• The task: Pictures aside, repeat the listing below exactly.

• The data:
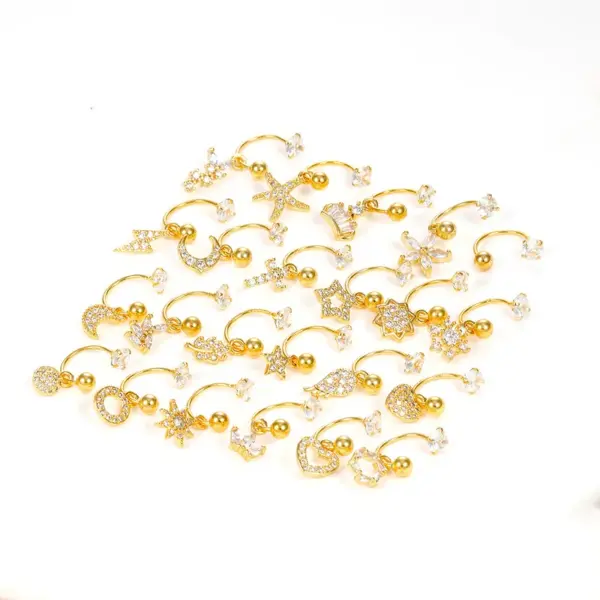 Wholesale 1 Piece Ig Style Simple Style Leaf Heart Shape Crown Plating Inlay Copper Zircon Cartilage Earrings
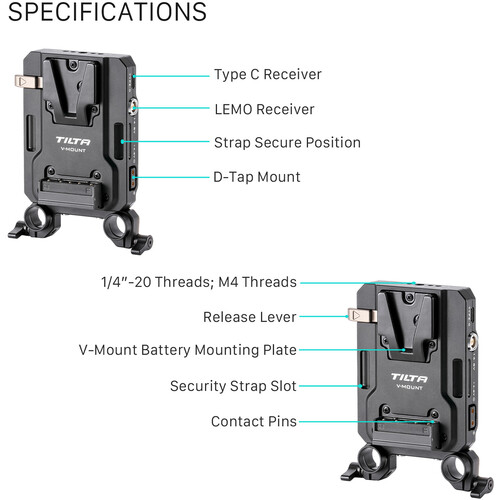 Tilta Mini PD V-Mount Battery Plate Black (BTP4-V-B)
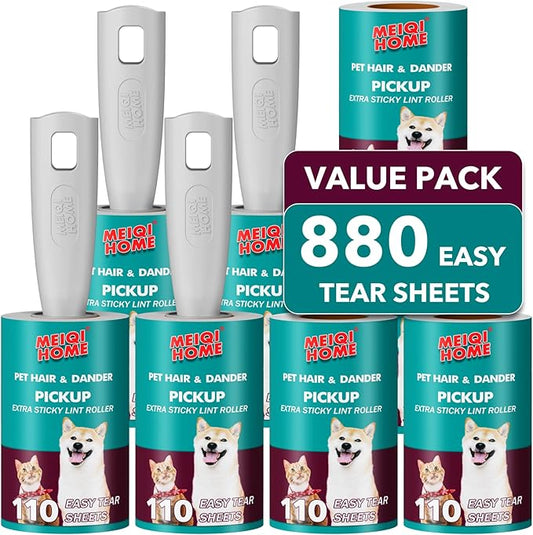 Lint Rollers for Pet Hair Extra Sticky, 880 Sheets Mega Value Set Lint Roller with 4 Upgraded Handles, 8 Rollers Portable Pet Lint Remover for Clothes, Furniture, Carpet, Dog & Cat Hair Removal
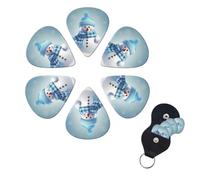 Cute Snowman Guitar Picks 6 Pack, 0.46mm Thickness Celluloid Bass Pick with Leather Guitar Pick Holder Keychain Abstract Art Pics Plectrum for Acoustic Electric Guitar, Ukulele, Bass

• Output:
 Wholesale 1 Piece Ig Style Simple Style Leaf Heart Shape Crown Plating Inlay Copper Zircon Cartilage Earrings
 Tilta Mini PD V-Mount Battery Plate Black (BTP4-V-B)
 Lint Rollers for Pet Hair Extra Sticky, 880 Sheets Mega Value Set Lint Roller with 4 Upgraded Handles, 8 Rollers Portable Pet Lint Remover for Clothes, Furniture, Carpet, Dog & Cat Hair Removal
 Cute Snowman Guitar Picks 6 Pack, 0.46mm Thickness Celluloid Bass Pick with Leather Guitar Pick Holder Keychain Abstract Art Pics Plectrum for Acoustic Electric Guitar, Ukulele, Bass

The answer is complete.